Dark patterns: User interfaces designed to trick people into doing things they wouldn’t otherwise do.
Harry Brignull, a user-experience (UX) consultant who has a PhD in cognitive science, coined dark patterns for a presentation he gave earlier this month at the UX Brighton Conference. Brignull explained the concept on his blog, 90 Percent of Everything:
Normally we think of bad design as consisting of laziness, mistakes, or school-boy errors. We refer to these sorts of design patterns as Antipatterns. However, there’s another kind of bad design pattern, one that’s been crafted with great attention to detail, and a solid understanding of human psychology, to trick users into do things they wouldn’t otherwise have done. This is the dark side of design, and since these kind of design patterns don’t have a name, I’m proposing we start calling them Dark Patterns.
Brignull’s examples include low-cost airlines that put insurance in your basket without asking; social-networking sites that “purposefully make it hard for you to shrink your social graph or move your content into private realms (I’m looking at you, Facebook)”; and systems that require you to log in “using a long-forgotten password” in order to unsubscribe.

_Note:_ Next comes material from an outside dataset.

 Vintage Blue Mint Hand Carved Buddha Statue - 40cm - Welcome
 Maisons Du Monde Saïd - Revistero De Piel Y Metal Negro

Dark patterns are not the same as “outright scams,” Brignull writes. The latter are “clumsy and easy to identify.” Rather, dark patterns are “techniques used by above-board products and services that trick users into doing things.”
In the three-dimensional world, slanty design—a term coined by British interactivity researcher Russell Beale—is somewhat analogous to dark patterns. Slanty design is “design that purposely reduces aspects of functionality or usability”; however, its objectives don’t necessarily include siphoning cash from the user. For example, a cone-shaped disposable cup that discourages the user from leaving it on a table is a slanty design that promotes a social good.